── MATERIAL FOR THIS TASK

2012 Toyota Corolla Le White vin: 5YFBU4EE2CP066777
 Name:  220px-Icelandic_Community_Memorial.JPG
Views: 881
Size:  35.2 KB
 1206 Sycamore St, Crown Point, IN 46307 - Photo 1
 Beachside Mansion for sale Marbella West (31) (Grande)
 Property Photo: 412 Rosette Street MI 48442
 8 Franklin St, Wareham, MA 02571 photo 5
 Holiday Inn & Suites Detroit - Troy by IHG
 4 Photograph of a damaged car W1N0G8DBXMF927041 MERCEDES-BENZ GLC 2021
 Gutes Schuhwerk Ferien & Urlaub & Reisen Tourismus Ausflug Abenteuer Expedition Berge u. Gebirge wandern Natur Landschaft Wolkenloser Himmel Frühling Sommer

────

TASK DESCRIPTION: Exactly the lines from the one containing "Property Photo: 412 Rosette Street MI 48442" through the end of the records should be reproduced, and no others.

WRITTEN REPLY:
 Property Photo: 412 Rosette Street MI 48442
 8 Franklin St, Wareham, MA 02571 photo 5
 Holiday Inn & Suites Detroit - Troy by IHG
 4 Photograph of a damaged car W1N0G8DBXMF927041 MERCEDES-BENZ GLC 2021
 Gutes Schuhwerk Ferien & Urlaub & Reisen Tourismus Ausflug Abenteuer Expedition Berge u. Gebirge wandern Natur Landschaft Wolkenloser Himmel Frühling Sommer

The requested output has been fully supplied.